I think if Twitter hadn’t been called Twitter it would have been easier to approach. The word sounds irritating —like a high-pitched busybody or an annoying, precocious child. But if you can get past that, there’s a fantastic community you can tap into. For those of us who work alone or wait at home for the family to reappear, it’s a gateway to the world. I follow a lot of journalists, comedians and weirdos, and as I type away the constant feed of information popping up is like being in a big bustling office. You overhear other people’s conversations, are drawn in by humour, and watch in disbelief as rows develop. You can also choose who you “sit next to” in this virtual office. My favourite tweeters are Caitlin Moran (@caitlinmoran), Daniel Ruiz Tizon (@PleaseDontHugMe), and spoof tweeter Andy Dawson (@dianainheaven). Why? Because they make me laugh at least two or three times a day. You can also occasionally find yourself having a conversation with, or being “retweeted” by, people you admire. My colleague Matt at Sabotage Times was shocked during the last World Cup to have Lionel Messi, the best footballer in the world, reply to a request that his manager Maradona should join Twitter. “Lionel Messi has just tweeted me,” said Matt in a state of shock.

The less bothered you are about going anywhere, the better Twitter is for you. Before I’d even left my bed this morning, I knew the weather in London and Hastings. I’d followed a link to an article about how the New Zealand badminton team had got themselves into a spot of bother by renaming themselves the Black Cocks. I’d read a fascinating account of a bizarre psychiatric study in the London Review of Books, and I knew that Caitlin Moran had a personal history of “favourite fags”. Some of these things might seem trivial or uninteresting to you, but the point is I’d never previously read the London Review of Books or checked the local news in New Zealand. If you have an inquisitive mind (and you’re reading RD, so I guess you do), then the links posed on Twitter allow you to explore people, places and publications you might not usually come across. As I write, the American comic actor Garry Shandling is commenting on the ball game he’s watching, radio DJ Robert Elms is recommending the hot new crime novel Viva La Madness, and the night editor of The Guardian is describing misty London at dawn as “having an air of the 19th century”.

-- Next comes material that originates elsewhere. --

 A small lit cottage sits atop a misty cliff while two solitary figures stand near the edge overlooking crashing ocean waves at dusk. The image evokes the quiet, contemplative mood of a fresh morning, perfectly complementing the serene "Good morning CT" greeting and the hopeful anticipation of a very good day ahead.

All of this can be a little like a good radio conversation without the music. It’s truly addictive. (I occasionally find I’m excusing myself from meetings to visit the bathroom to find out what’s happening on Twitter.) But so long as you can find time for doing things in the real world you’ll be fine. Writing this, I can see my old  Italian neighbour moving slowly round his garden cutting longstemmed roses for his vase. I’m going off to tweet that now—it’s a nice image to send out into the world. It dawned on me the other day that I could still be using Twitter when I’m my neighbour’s age. So long as it doesn’t stop me moving round the garden, I’ll be fine with that. By then, I’ll probably still be having cereal, a bacon sandwich or green teafor breakfast. But you’ll probablyalready know that by then anyway.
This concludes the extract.